Available records: Begin

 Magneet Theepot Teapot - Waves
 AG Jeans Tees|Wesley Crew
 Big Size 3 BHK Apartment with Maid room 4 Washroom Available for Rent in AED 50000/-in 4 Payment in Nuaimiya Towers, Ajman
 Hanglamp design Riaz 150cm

Available records: End
Available records: Begin

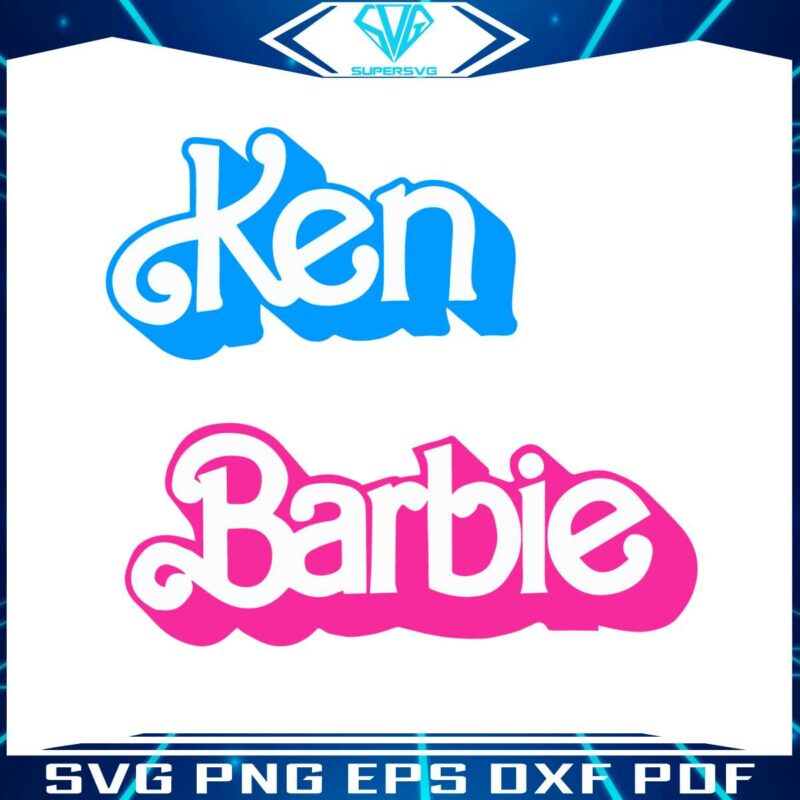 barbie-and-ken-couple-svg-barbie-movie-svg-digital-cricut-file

Available records: End

## Your objective
Go through the material above and output exactly the lines from the one containing "Big Size 3 BHK" through the one containing "Hanglamp design Riaz 150cm".

## Written solution
 Big Size 3 BHK Apartment with Maid room 4 Washroom Available for Rent in AED 50000/-in 4 Payment in Nuaimiya Towers, Ajman
 Hanglamp design Riaz 150cm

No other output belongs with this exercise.